Send along your work and we'll see what we can do.


---------- FOLLOW-UP ----------

QUESTION: Find the eigenvalues and corresponding eigenvectors for the matrix,
A= 3  1   1
  2  4   4
  -1 -1  -1

Hence find an invertible matrix B which diagonalizes A.

I found eigenvalues of 0,2 and 4. When I found the eigenvectors I got them in terms of parameters. For 0 I got (0, t, -t), for 2 I got (t, -t, 0) and for 4 I got (-2t, -3t, t). The answers given are the same but with 1 in place of all the t's. Can I just substitute in 1 at the end of the problem?

Answer
Questioner:    Adam
Private: Yes
Changed it to public     
Subject:  Eigenvectors.
Question: QUESTION: Hi


QUESTION: Find the eigenvalues and corresponding eigenvectors for the matrix,
A= 3  1   1
 2  4   4
 -1 -1  -1

Hence find an invertible matrix B which diagonalizes A.
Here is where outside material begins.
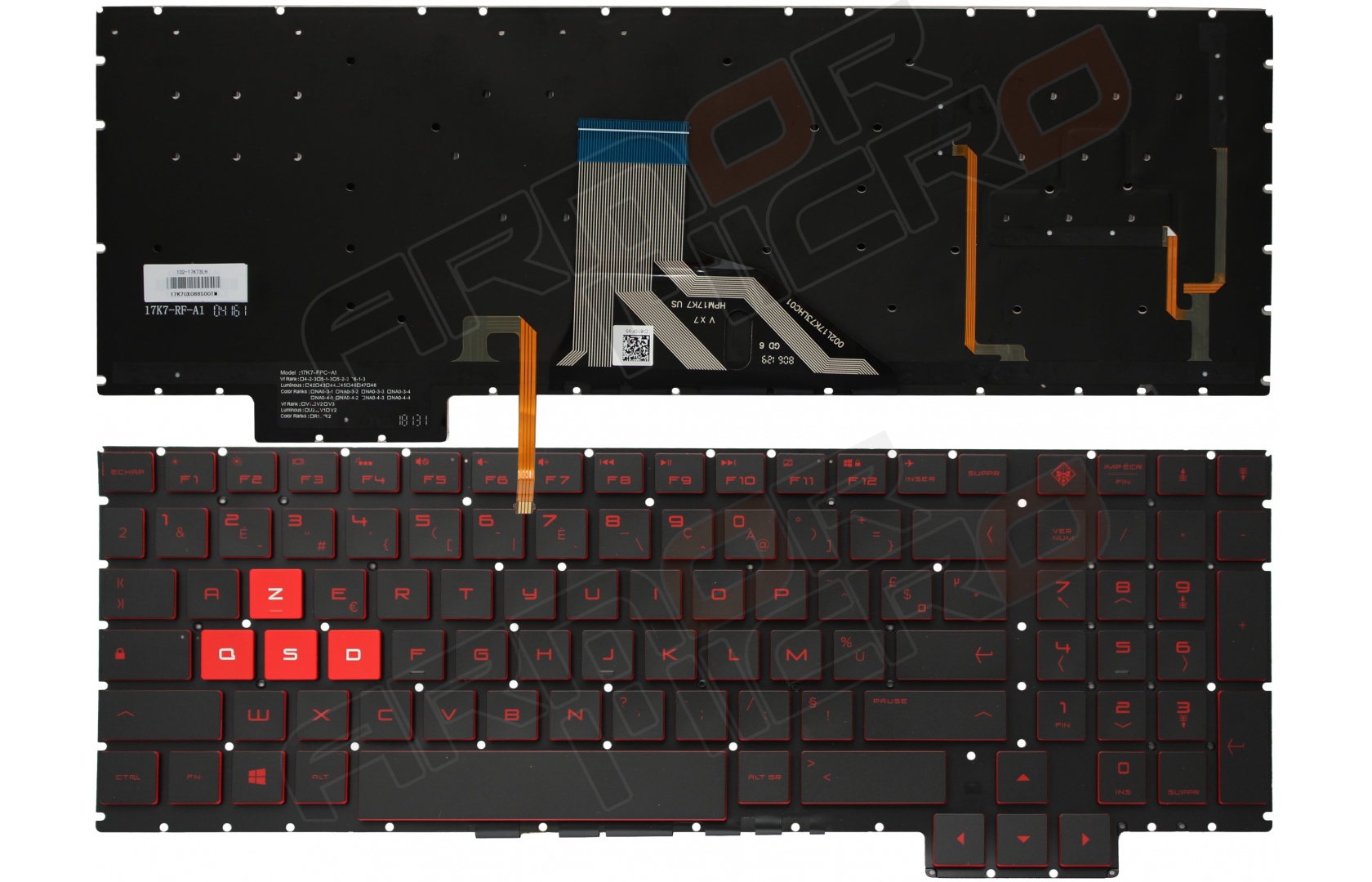 JPking Laptop Akku 15.4V 70Wh SR04XL - Kompatibel Mit HP Omen & Pavilion Modellen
I found eigenvalues of 0,2 and 4.

>>>>> Yes, I got them, too.


When I found the eigenvectors I got them in terms of parameters. For 0 I got (0, t, -t), for 2 I got (t, -t, 0) and for 4 I got (-2t, -3t, t). The answers given are the same but with 1 in place of all the t's. Can I just substitute in 1 at the end of the problem?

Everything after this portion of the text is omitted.